What the director manages in this movie is to present us with, instead of a flat out gory horror movie, a psychological look into what is truly horrible. Here we have, for all intents and purposes, an alien -the last of his kind, so he says- desperately clinging to life. The viewer is intended to empathize with him.
Even in his cool, refined, gentlemanly state there is a sense of Dracula's urgency. He has to breed offspring (which, if you read pre-Stoker actual vampire lore is mentioned and common-- not only could vampires have sex and reproduce, they could also reproduce with humans. In fact, one of the ways a male vampire could be spotted to be such would be opening the coffin and finding the corpse sprouting a "chubby".) in whatever manner he can-- he has to. His people are gone. In a way, this makes the human characters in the story more horrible than Dracula-- it would be akin to the last tiger being hunted down for being a tiger and desperately attempting to make other tigers.
It is this predatory vitality that Langella communicates beautifully in this film. All the other male characters are ineffectual, aged, insane, or duplicitous (Harker)-- though they are not played badly, Dracula himself stands as sort of a dark mirror of them all-- and yet with virtues none of the other males possess. In a way, the death of Dracula at the end is the death of the "primal man". All that is left, in the wake, is the "modern man"-- the duplicitous and shallow Harker... and the hope of the primal man's return (the cape floating away on the wind).
Lucy is right, Dracula is the saddest and kindest of all the men there. He could have murdered everyone and taken what he wanted (he demonstrates such powers that I can believe him to be completely able to do such a thing. He can slaughter an entire ship's crew of healthy strapping men-- how are lunatics, two old doctors and a solicitor going to stand up to him if he really wanted to kill them? He's already been "invited"-- he could have destroyed them all at any conceivable time...)-- but he did not. He was a gentleman. It is this nobility, which none of the men (including Van Helsing-- remember the line about sacrilege?) possess, that ends up destroying him. He gives them all chances to look the other way- he does not want to hurt them. In fact, the times Dracula kills in this movie are few. He kills to preserve his own existence (which all of us would do), to feed (which we all, again, do- even vegetarians), to change (enabling procreation, also important) and he kills those who betray him and endanger him (Renfield, the driver of the cart who was trying to slow the horses).
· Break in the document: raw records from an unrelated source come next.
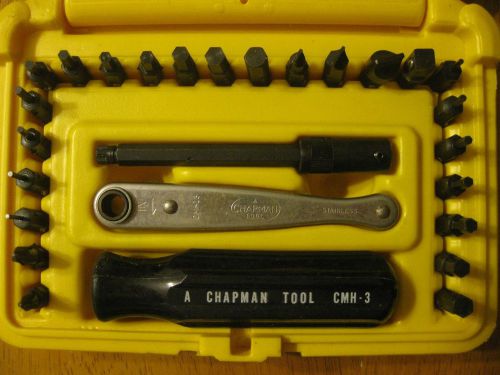 Chapman 28 piece assortment midget ratchet set - model: 7331 for sale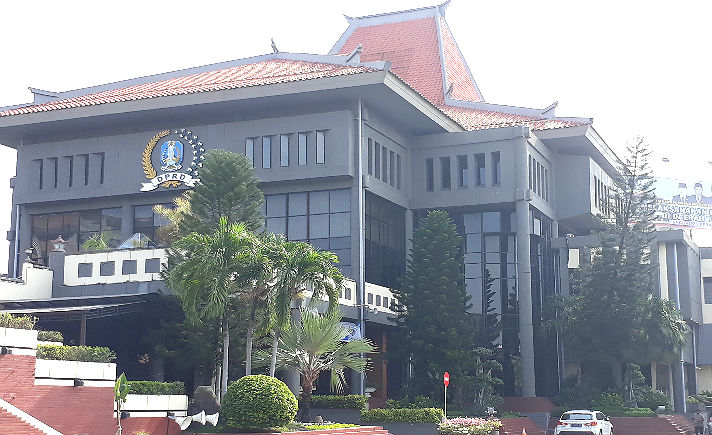 Gedung DPRD Jawa Timur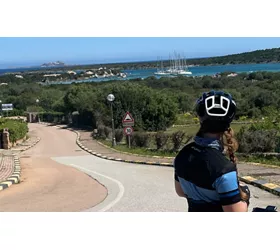 Sardinien von Süden nach Norden: eine Fahrradroute von Cagliari nach Olbia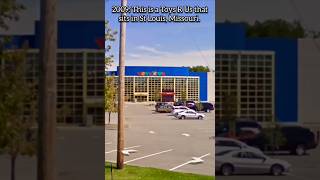 Evolution of an Abandoned Toys R Us in St Louis Missouri shorts [upl. by Bak766]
No, I think the reason this selection doesn't appeal to most isn't the romance (though that is what's usually blamed) -- it is the uncomfortable feeling (put forth by the instances I described above) that Humanity holds the real monsters (for various reasons).
And that brings us to Mina. Mina was not crazy and monstrous because she was a vampire. Nor was she crazed because she was already insane before being "tainted" like Renfield. Lucy and Dracula also prove to us that it is quite easy to be sane and be a vampire. Mina, at least in this version, appears to be insane because she awoke inside a coffin- in the dark and had to claw her way out. Anyone who has ever read an account of being entombed alive and then having to dig one's way out knows that this can and does drive people to madness. How much worse would it be to suddenly discover, on top of that, that you are no longer human? ---As far as her reflecting in water-- vampires DO reflect in water according to folklore. They do not reflect in mirrors because, once upon a time, mirrors were actually "silvered" (a mixture of mercury and silver, if I remember correctly) and silver and undead do not mix well.-- The double destruction (stake to paralyze, then heart removal) is also mentioned in folklore and is not unusual in the slightest.
In all, I believe this needs to be taken as a psychological piece of social commentary more than a romance or a "true" adaptation of Stoker's work (even then that's up for grabs. I've read the book myself many times and my interpretation of it is quite different than what would be expected as 'standard'). To call it a Harlequin Romance seems a blanket statement not at all suited for the overall depth of the piece-- it is a work of horror, but I believe it is the horror for mankind's destruction of its own sense of mystery rather than the campy gore slash fest normally associated with that title. I highly recommend it.